Anthropol. Sci. 110(1), 1-32, 2002

 
 

Yukio Dodo and Yoshinori Kawakubo

 
Department of Anatomy and Anthropology, Tohoku University School of Medicine, Sendai
 
(Received December 28, 2001; accepted January 7, 2002)
 
Abstract A close resemblance between the prehistoric Jomon and modern Ainu in skeletal morphology is now widely accepted. To confirm that the Ainu are actually descenced from the Jomon, all available skulls of the Epi-Jomon period in Hokkaido, roughly contemporaneous with the Yayoi and Kofun periods in mainland Japan (ca. 300 BC?700 AD), were intensively investigated in terms of metric and nonmetric variations.

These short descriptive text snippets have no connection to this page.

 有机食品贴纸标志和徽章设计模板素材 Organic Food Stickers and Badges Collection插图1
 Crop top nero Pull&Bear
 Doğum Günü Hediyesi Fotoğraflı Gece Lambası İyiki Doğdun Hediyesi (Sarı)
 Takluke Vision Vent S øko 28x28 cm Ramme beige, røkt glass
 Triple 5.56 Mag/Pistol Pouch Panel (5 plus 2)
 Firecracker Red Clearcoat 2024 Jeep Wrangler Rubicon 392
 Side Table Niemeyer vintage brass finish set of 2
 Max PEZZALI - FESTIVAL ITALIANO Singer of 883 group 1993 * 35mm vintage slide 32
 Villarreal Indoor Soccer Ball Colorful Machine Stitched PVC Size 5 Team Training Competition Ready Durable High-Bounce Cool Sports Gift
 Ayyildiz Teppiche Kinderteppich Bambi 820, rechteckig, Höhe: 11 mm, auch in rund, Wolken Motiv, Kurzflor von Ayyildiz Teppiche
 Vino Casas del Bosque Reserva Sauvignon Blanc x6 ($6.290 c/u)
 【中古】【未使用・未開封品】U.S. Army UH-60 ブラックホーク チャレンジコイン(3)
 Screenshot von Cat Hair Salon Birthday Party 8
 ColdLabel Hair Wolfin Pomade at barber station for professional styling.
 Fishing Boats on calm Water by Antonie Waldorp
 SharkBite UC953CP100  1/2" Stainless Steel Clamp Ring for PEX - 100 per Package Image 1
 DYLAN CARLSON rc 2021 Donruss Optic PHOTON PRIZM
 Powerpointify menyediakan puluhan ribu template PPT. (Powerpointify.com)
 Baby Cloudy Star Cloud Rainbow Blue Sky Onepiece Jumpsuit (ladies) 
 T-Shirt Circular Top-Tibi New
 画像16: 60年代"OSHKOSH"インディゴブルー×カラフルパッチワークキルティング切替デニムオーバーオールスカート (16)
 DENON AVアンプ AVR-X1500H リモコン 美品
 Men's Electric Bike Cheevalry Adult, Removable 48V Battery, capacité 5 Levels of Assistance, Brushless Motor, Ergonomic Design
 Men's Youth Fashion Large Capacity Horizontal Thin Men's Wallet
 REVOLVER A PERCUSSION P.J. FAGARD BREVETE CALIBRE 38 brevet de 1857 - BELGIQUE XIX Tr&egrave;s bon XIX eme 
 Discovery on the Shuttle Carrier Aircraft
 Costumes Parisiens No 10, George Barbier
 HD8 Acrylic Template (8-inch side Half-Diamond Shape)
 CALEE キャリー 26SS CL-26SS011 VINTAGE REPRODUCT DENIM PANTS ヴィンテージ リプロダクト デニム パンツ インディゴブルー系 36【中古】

Craniometric analysis based on Mahalanobis’ D2 distance and canonical discriminant analysis as well as cranial nonmetric analyses based on Smith’s Mean Measure of Divergence and likelihood ratio analysis yielded the results that the Jomon, Epi-Jomon and Ainu are closely related with each other and distant from the mainland Japanese including the northern Kyushu Yayoi of continental lineage. From these results, we concluded that the genetic influence of Yayoi immigrants on the Epi-Jomon appears to have been very limited, if any, and the Epi-Jomon inhabitants in Hokkaido were transitional in microevolutionary change from the Jomon in eastern Japan to the Hokkaido Ainu.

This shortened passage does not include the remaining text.